II/ L’analyse du dossier a permis de souligner le lien de subordination entre Monsieur P. et la société de grande distribution. J’ai déjà évoqué le lien de subordination dans divers autres articles, notamment « Requalification de contrats de travail : trois ingénieurs reçoivent un total de 925.000 euros ».
La démonstration de l’existence d’un lien de subordination est essentielle aux dossiers de requalification. Elle implique de décortiquer chacun des critères dégagés par la jurisprudence, d’où l’importance de préparer son dossier avec l’aide d’un avocat et de réfléchir à d’éventuelles demande de mesures d’instruction. Il arrive que l’on puisse se passer d’une telle démonstration, mais c’est plutôt rare.
Il peut être utile de démontrer un « intuitu personae ». Ici, nous avons pu rapporter la preuve que la SSII n’avait embauché Monsieur P. en 2004 qu’après un entretien tripartite impliquant également la société de la grande distribution laquelle avait validé l’embauche. En réalité, l’apport de la SSII se limitait à de la simple mise à disposition d’un salarié qui ne faisait pas partie de son effectif avant 2004 et que la SSII n’a jamais encadré.

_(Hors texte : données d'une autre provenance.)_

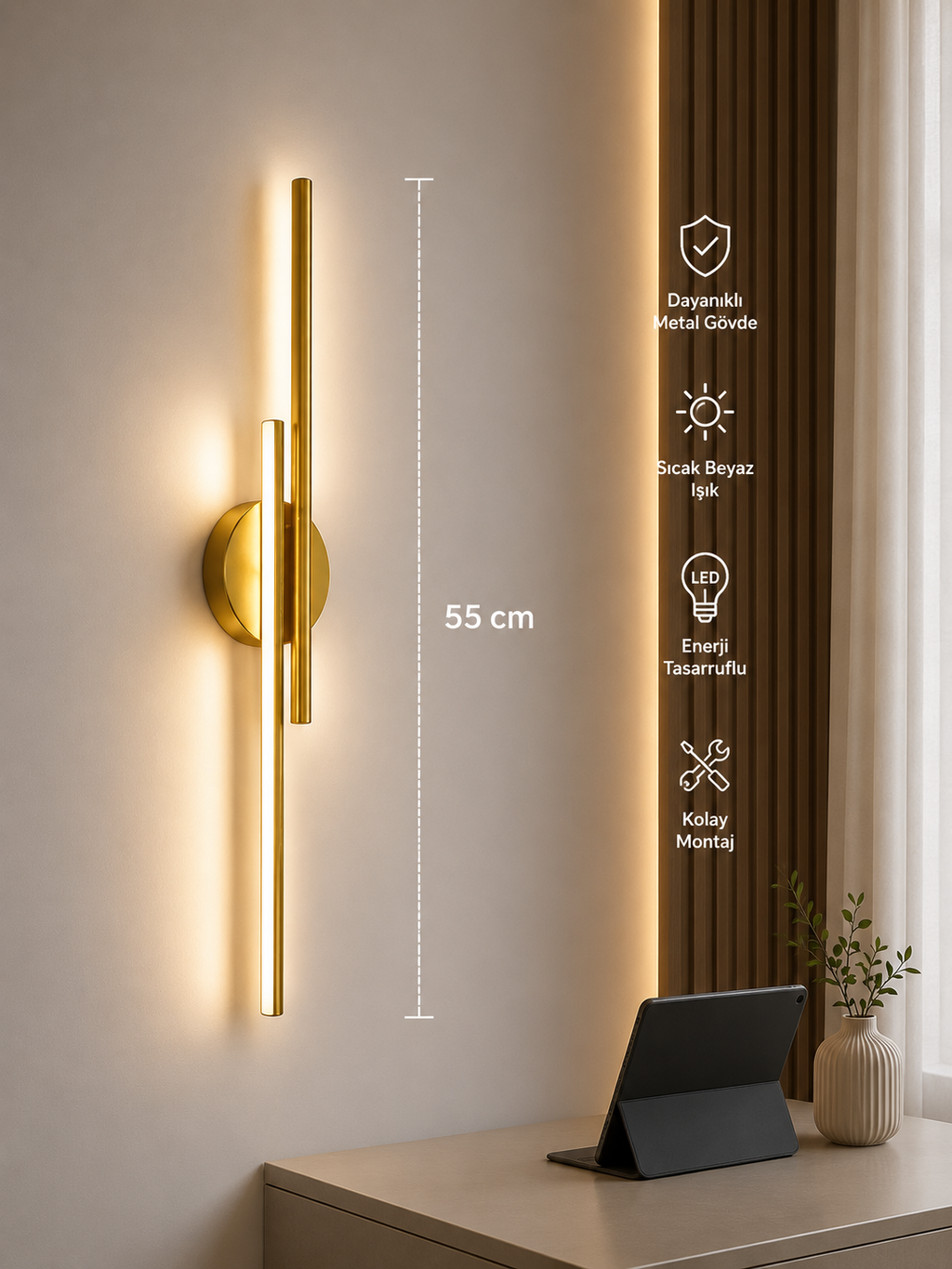 Bohem Eskitme Model 55 cm Çift Taraflı Beyaz Led LED Duvar Apliği (Pilli DEğildir )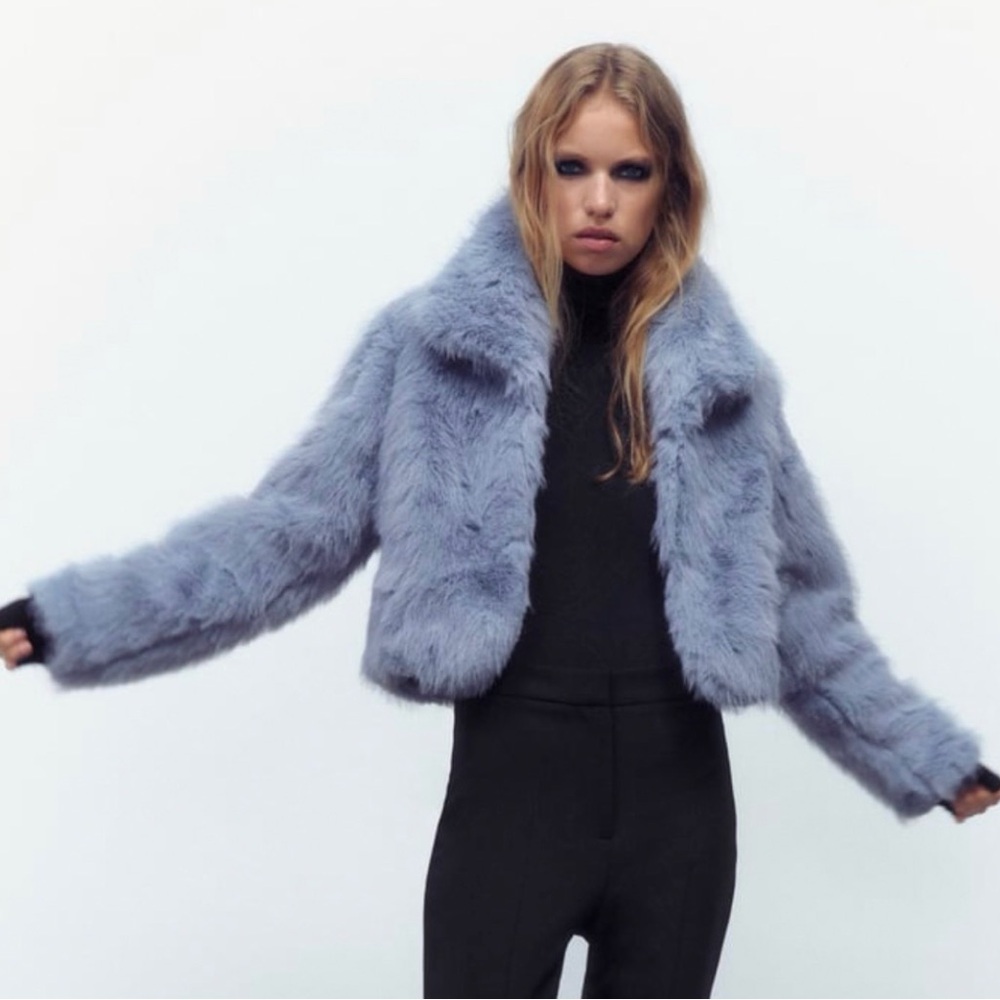 Zara Women's Plush Blue Faux Fur Jacket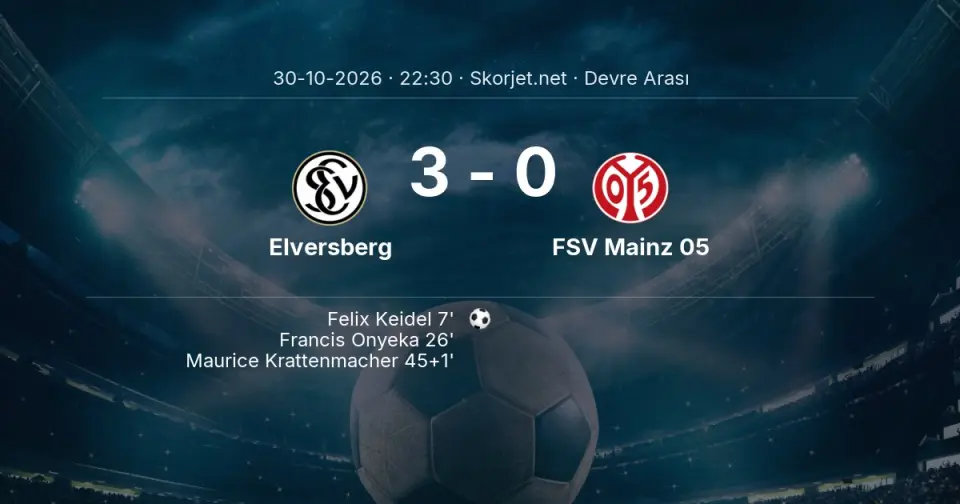 Elversberg - FSV Mainz 05 Maçında Gol: Maurice Krattenmacher (45. dakika) Elversberg - FSV Mainz 05 Maçında Gol: Maurice Krattenmacher (45. dakika)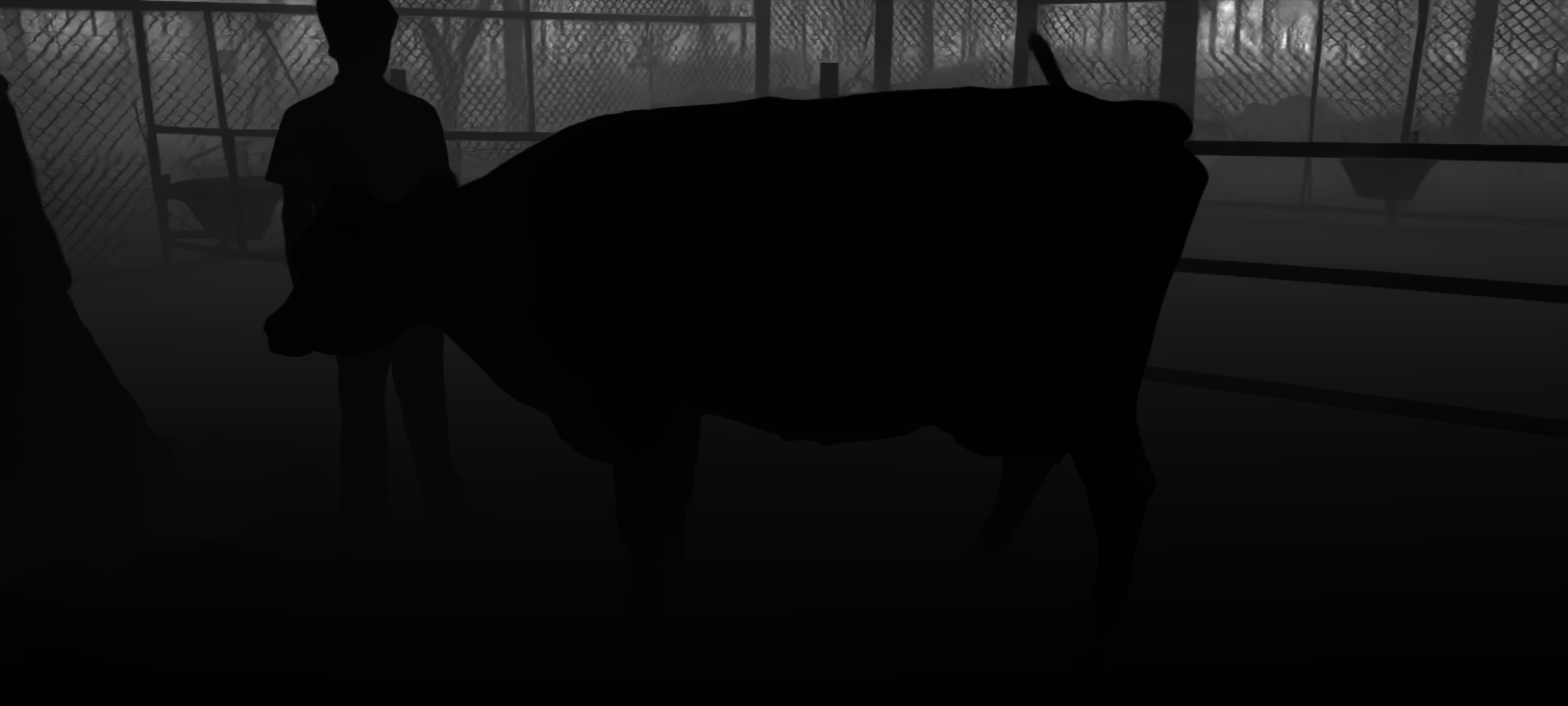 DepthPro monocular depth estimation output showing cow silhouette with background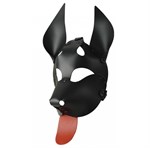 Черная кожаная маска  Дог  с красным языком - фото 1421607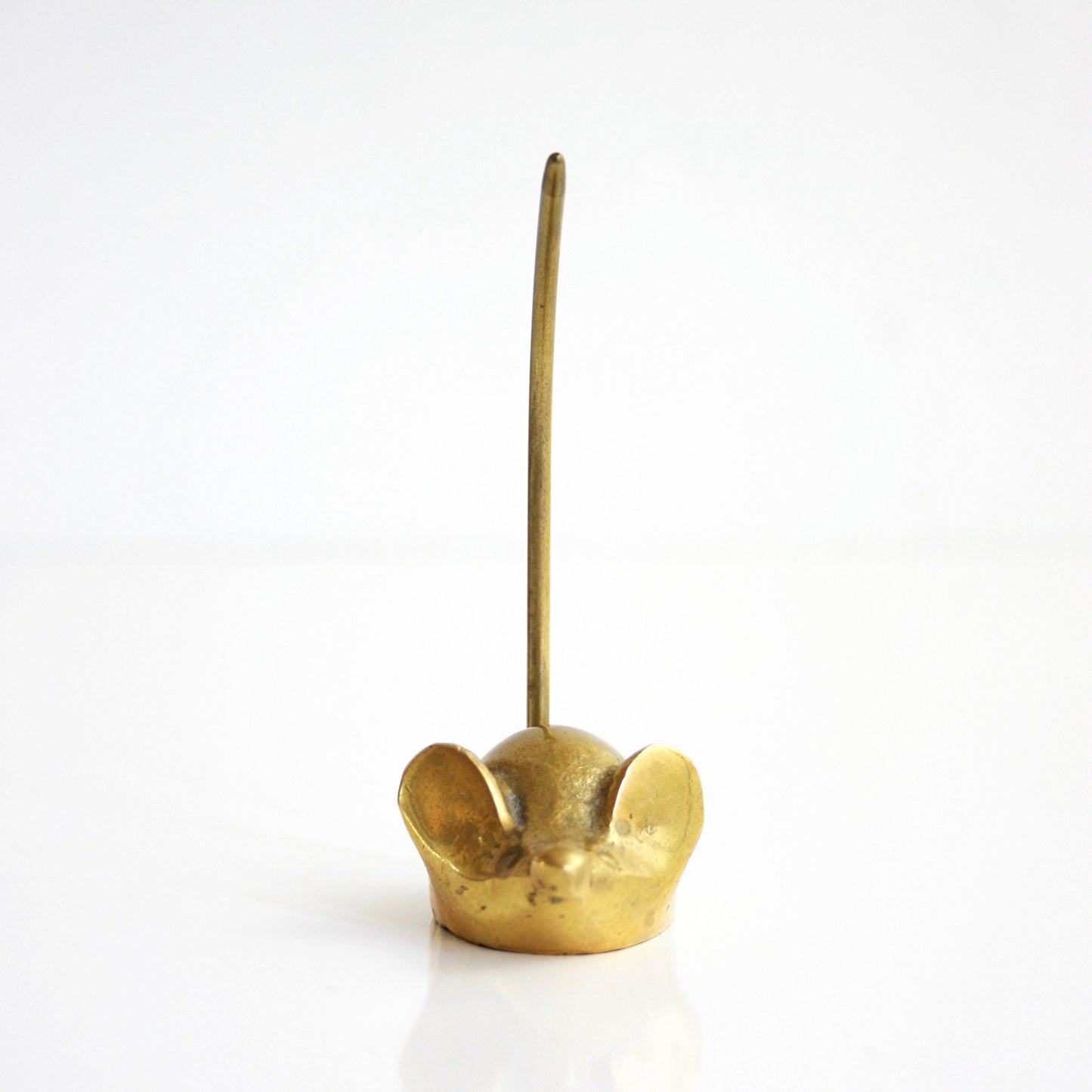 SOLD - Vintage Brass Mouse Figurine / Mid Century Brass Mouse Note Holder / Brass Mouse Ring Holder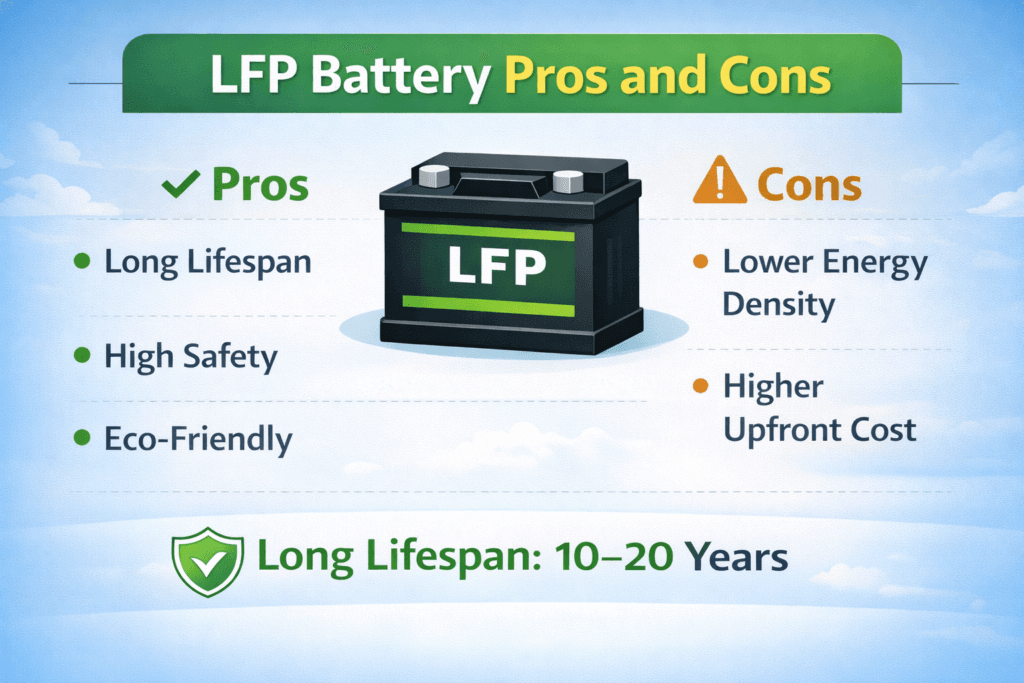 Li-ion vs LFP vs Flow Batteries - LFP Pros and Cons Infographic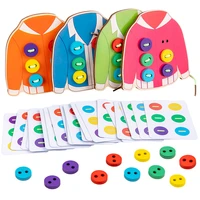 1set kid montessori learn basic life skills teaching aids clothes threading button sewing board game educational children toys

Une telle organisation du travail est illégale, mais est fréquemment mise en place, y compris par des sociétés du CAC 40. Ces sociétés ont toutes des services juridiques importants. Devant le juge, leurs avocats invoquent parfois leur honorabilité pour tenter de se dédouaner (« Monsieur le Président, vous pensez bien qu’une société comme [Z] a réfléchi à la question. Nous ne pouvons pas avoir tout faux ! »). Et pourtant, si.
III/ Nous avons saisi le Conseil de prud’hommes et demandé au BCO de prendre une mesure d’instruction visant à la communication de certains documents utiles pour apprécier l’étendue des droits de mon client, déterminer le salaire brut de base servant au calcul des indemnités et renforcer la démonstration du lien de subordination.
Nous avons chiffré les indemnités correspondant à chacun des manquements au code du travail par la société de la grande distribution. Par définition, dans les dossiers de requalification, lorsque le statut de salarié a été injustement écarté, que l’employeur n’a pas appliqué le code du travail, les manquements sont nombreux et les indemnités demandées sont élevées. La rupture du contrat est assimilable à un licenciement sans cause réelle et sérieuse et bien d’autres chefs de demandes viennent se rajouter.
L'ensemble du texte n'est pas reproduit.